Qu’est-ce que la croix celtique ? Pourquoi ce symbole ancien est-il devenu un signe de ralliement néofasciste ? A quel message renvoie-t-il ? Faut-il interdire son utilisation ? 20 Minutes se penche sur la croix celtique, avec le politologue spécialiste de l’extrême droite Jean-Yves Camus.

C’est quoi la croix celtique ?

A l’origine, la croix celtique « est une croix chrétienne », rappelle Jean-Yves Camus, particulièrement répandue en Grande-Bretagne, en Irlande et en Bretagne au début de l’époque médiévale. Elle combine, dans cette représentation religieuse, la croix latine classique avec un cercle, symbolisant la Sainte Hostie, dont les branches de la croix dépassent. Par la suite, comme la svastika indienne avant elle (devenue la croix gammée nazie), elle est « détournée après la Seconde Guerre mondiale par les mouvances néofascistes », explique le politologue.

« Il fallait un signe qui rassemble », justifie-t-il, mais « tous les sigles collaborationnistes étaient bannis ». Comme symbole politique, elle perd là-bas de sa jambe inférieure pour devenir une croix régulière qui dépasse d’un cercle.
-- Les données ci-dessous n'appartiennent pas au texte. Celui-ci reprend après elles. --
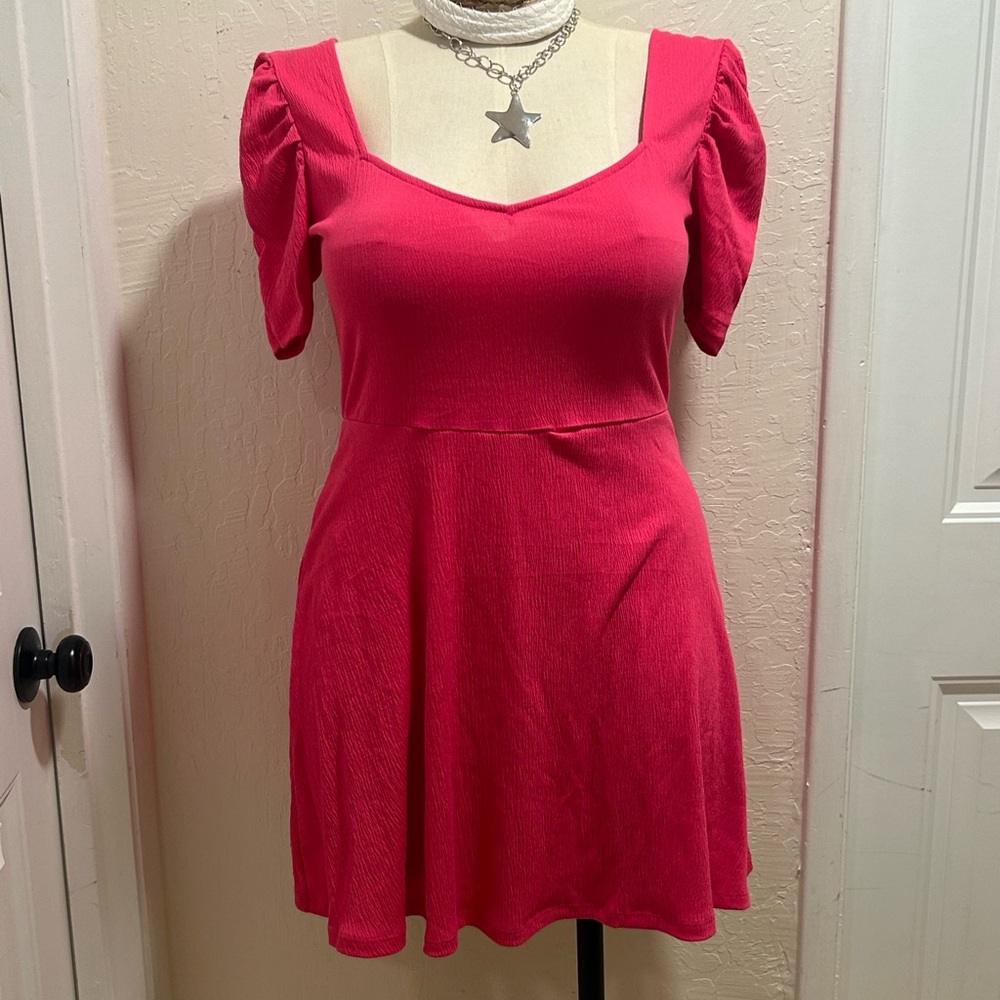 H&M Hot Pink Sweetheart Neck Puff Sleeve Mini Dress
Dans sa version la moins stylisée, elle ressemble à un viseur d’arme à feu. « Pierre Sidos en réclamait la paternité et avait déposé un modèle agréé », précise Jean-Yves Camus.

A quel message renvoie le choix de la croix celtique ?

En reprenant un symbole de l’Europe du nord médiévale, l’ultradroite s’est dotée d’un « symbole civilisationnel qui transcende les nationalités », énonce Jean-Yves Camus. Il souligne d’ailleurs que parmi les cris de ralliement de ces nationalistes attachés à la souveraineté de la France, figure le « Europe jeunesse révolution » du GUD (Groupe union défense), scandé samedi.

Dans l’idéologie de ce mouvement « néofasciste », il existe une identité européenne « dont l’une des composantes majeures est l’appartenance au christianisme », détaille le politologue. D’où le choix d’un symbole directement relié à la religion. Par ailleurs, il précise que si la croix celtique est répandue au sein de l’extrême droite, il existe des exceptions notables, comme l’Action française, qui utilise la fleur de lys de la royauté.

Faut-il interdire la croix celtique (et les manifestations d’ultradroite) ?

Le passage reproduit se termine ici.